そこには――何も無い。アボレスの肉は消えた。私は皿にフォークとナイフを刺している。その事実を直感して、私は直ぐ様フォークとナイフを置いた。いや、置こうとした。
ところが、両手が動かない。何故なのか? その理由は、私の腹が煩いくらいに主張していた。
もっと、食べたい。
私は来寿様にお代わりを要求した。
台所に持ってきたアボレスの肉は、全て私と来寿様の胃の中に入った。よく食べたものだと感心する。それと同時に、無上の満足感も覚えている。とても幸せである。
しかし、来寿様には思うところがあるようだ。
食事が終わった際、来寿様は申し訳なさげに頭を下げた。
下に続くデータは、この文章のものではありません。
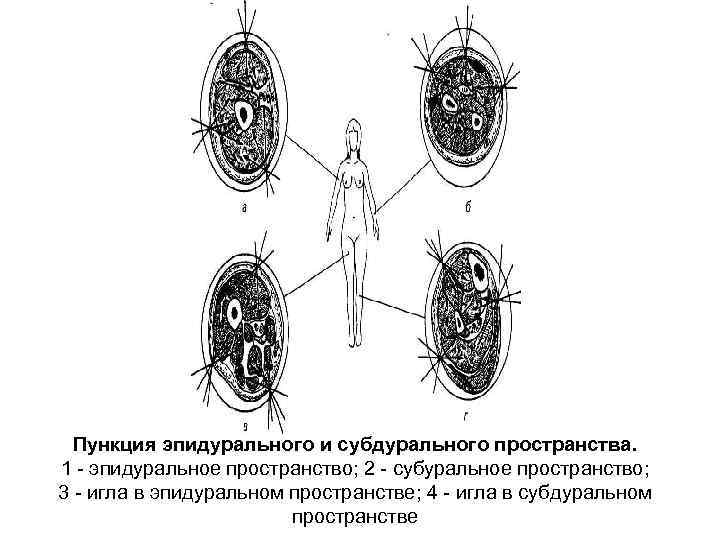Пункция эпидурального и субдурального пространства. 1 эпидуральное пространство; 2 субуральное пространство; 3 игла в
その行為の意味は、食後の茶を嗜んでいる際に告げられた。
「蒲焼きでなくて悪かった」
蒲焼き。女神ネフィリアを魅了した鰻料理である。
私としては、白焼きで十分満足しているところではある。しかし、蒲焼きに興味が無い訳ではない。その想いが口を衝いて出た。
「そちらも美味――その、まあまあの味なのか?」
魔王故、少し捻くれた表現をした。しかし、来寿様は質問の意図を完璧に理解している。
「まあ、好みによるだろうな。乱暴な言い方をすれば――」
蒲焼きの解説中、来寿様の目がキラキラと擬音が見えるほど輝き出した。その変調を見た瞬間、私の喉がゴクリと鳴った。
その直後、私は食欲の権化と成った。
「もっと濃厚な味だな」
私は鰻の蒲焼きの制作を決意した。その旨を、全魔王軍に通達した。